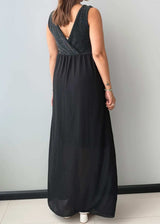 Size M-L, Black V-Neck Chiffon Maxi Dress - Closet by Payal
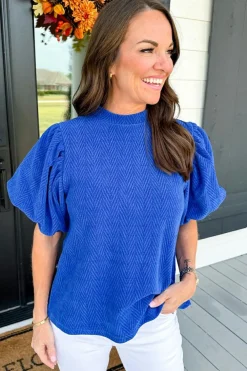 Fashion Dear-Lover Solid Textured Puff Sleeve Mock Neck Blouse Sky Blue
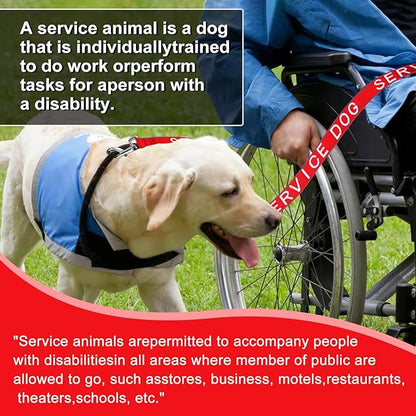 YeeBeny Service Dog Leash, Emotional Support Leash with Neoprene Handle and Reflective Lettering, Service Dog Stuff for Vest for Harnesses, Vests or Collars (Blue, 0.94width)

> [EXERCISE REQUIREMENTS]
What is needed here is an exact transcript of the data above, pictures excluded.

> [EXPECTED ANSWER]
 Size M-L, Black V-Neck Chiffon Maxi Dress - Closet by Payal
 Fashion Dear-Lover Solid Textured Puff Sleeve Mock Neck Blouse Sky Blue
 YeeBeny Service Dog Leash, Emotional Support Leash with Neoprene Handle and Reflective Lettering, Service Dog Stuff for Vest for Harnesses, Vests or Collars (Blue, 0.94width)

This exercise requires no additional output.